Sprigs of evergreen and pale ribbons adorned every lintel, and a footman in polished boots carried a silver tray of syllabub with all the solemnity of a funeral procession.
A harp plinked nobly in the corner, doing its best to disguise the fact that no one was listening.
Half the county had turned up in their second-best gloves and most flattering opinions of themselves.
Elizabeth took one look at the arrangement of carved rosewood chairs gathered near the pianoforte—each draped in pale pink silk as if upholstery could blunt humiliation—and retreated to the window.
It was snowing again. A polite, genteel sort of snow, drifting down in perfectly unthreatening flakes. A shroud of insulation that did nothing to stem the arrival of more guests. This was not a party so much as a parade of good breeding.
A trio of gentlemen near the hearth were murmuring about the gingerbread, trying to determine if the spice was clove or simply old nutmeg. Two older women studied the garland above the door, debating whether Lady Chiswell’s use of ribbon leaned toward French ostentation or commendable local cheer.
Elizabeth let their voices pass through her. She had already counted the snowflakes on one sash and was now attempting to rank the guests’ waistcoat embroidery by degree of pretension. Third place had just gone to a gentleman in mauve when a pair of passing matrons caught her ear.
“…a surprise to be sure! I daresay Miss Ashford’s mother had ordered half of London to prepare for the ceremony…”
“…and such a prize he was! Darcy of Pemberley—who ever would have guessed?”
Elizabeth’s lungs flattened. But when she turned, the conversation was already on to someone else’s elopement in Bath.
Still. The name had struck like a stone to the ribs.
He was married, then. Of course he was. That was no surprise, so why did it suddenly feel like one?
The ceremony must have been quiet. Dignified, tasteful, little attended—the groom’s choice, surely—but here was proof, carried north on the backs of gossip and velvet cloaks.
And still she could not stop listening. Not to the speculation about the guest list or the rumored cost of the flowers.
Not to the awful, stupid ache that followed every mention of his name.
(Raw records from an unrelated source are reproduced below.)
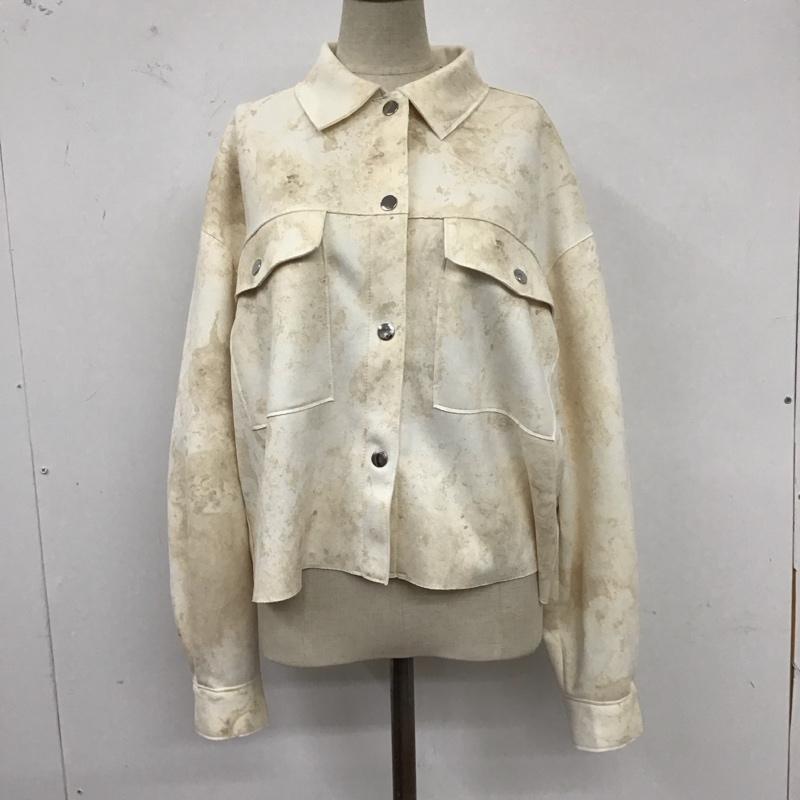 ザラ ZARA ジャケット、上着 ジャケット、ブレザー 8372 524 712 フェイクスエード M アイボリー / アイボリー / X ベージュ / ベージュ / レディース USED 古着 中古 10122068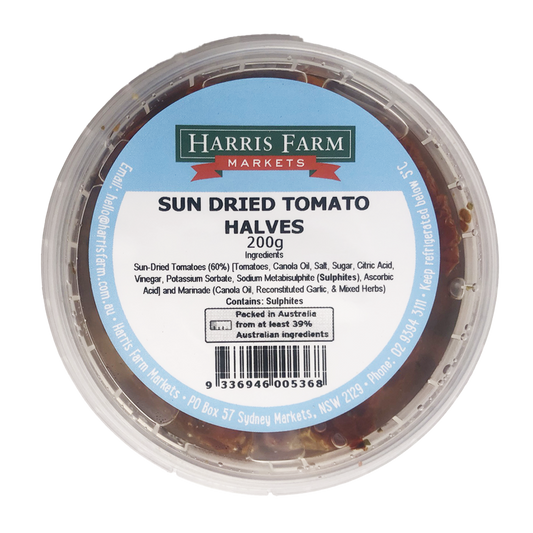 Harris Farm Sun Dried Tomato Halves 200g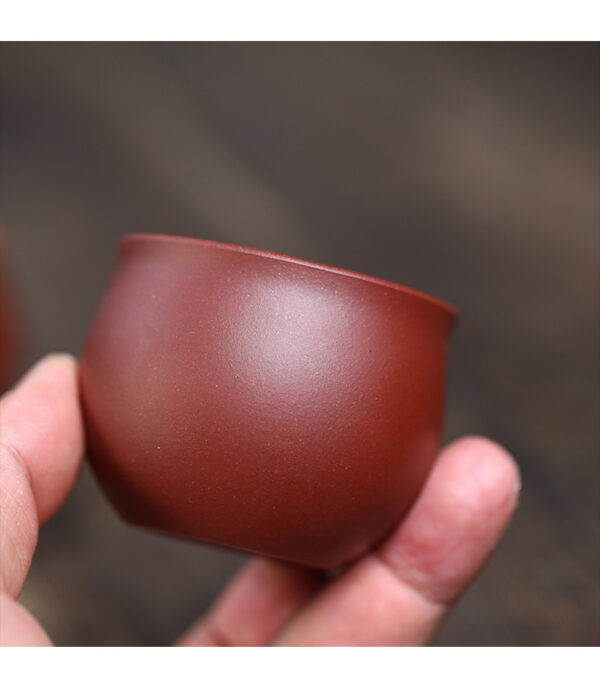 Yixing purple sand handmade personal small mouth cup - Image 3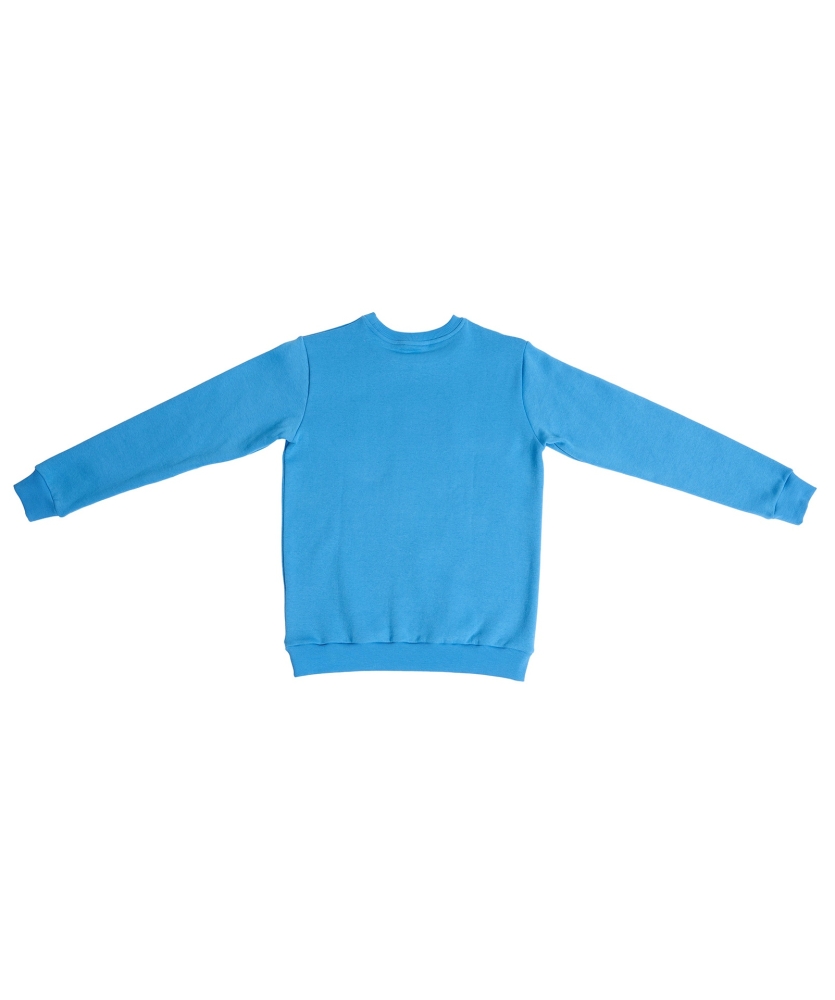 SUDADERA UMBRO MIXED SWEATSHIRT - JNR  FRENCH BLUE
She turned sharply back to the window, blinking hard against the glass.
And yet—
No one looked at her. No one whispered behind a fan or narrowed their eyes in familiar triumph. A young woman brushed past her with a murmured pardon and not a hint of theatrical recognition. A gentleman seated by the fire offered her a mild smile and returned to his conversation.
They did not know.
Or if they did, they did not care.
The scandal had not reached this far north—or perhaps it had arrived wearing someone else’s name.
For the first time in weeks, Elizabeth exhaled without wincing.
She had expected to be noticed, perhaps even shunned.
She had arrived braced for impact, half-ready to feign illness and flee back to Lambton at the first raised eyebrow.
But so far, not a single person had even hinted that she might be more than just Miss Bennet of Hertfordshire. It was almost disappointing.
Almost.
She melted into the background as easily as if she had been painted there, her expression calm, her wit folded neatly behind her teeth.
She sipped her wine slowly. She admired the embroidery on a passing gown that was ambitious but not successful.
And she made precisely one mental note to ask Mrs. Gardiner whether anyone in Derbyshire still danced, or if it was all parlour tricks and harp solos now.
Lady Chiswell, in a plume-trimmed turban, swept into the center of the room. Her voice rang above the cheerful din.
“My dears, if I may have your attention! We shall begin with a little amusement—entirely harmless, I promise!”
The muscles along her back drew tight like a bowstring.
Lady Chiswell raised a hand and beamed.
“My dear friends, welcome—belated though this celebration may be! Illness delayed our Twelfth Night, but the snow has been kind enough to keep the spirit of mischief alive. Before supper, we shall indulge in a little diversion with a game of Riddles. You will each find a slip and a quill near the sideboard. Compose something clever—anonymous, of course—and all entries shall be placed in this basket. The most amusing shall be read aloud and, naturally, guessed at. No prize but glory… and perhaps a few suspicions confirmed.”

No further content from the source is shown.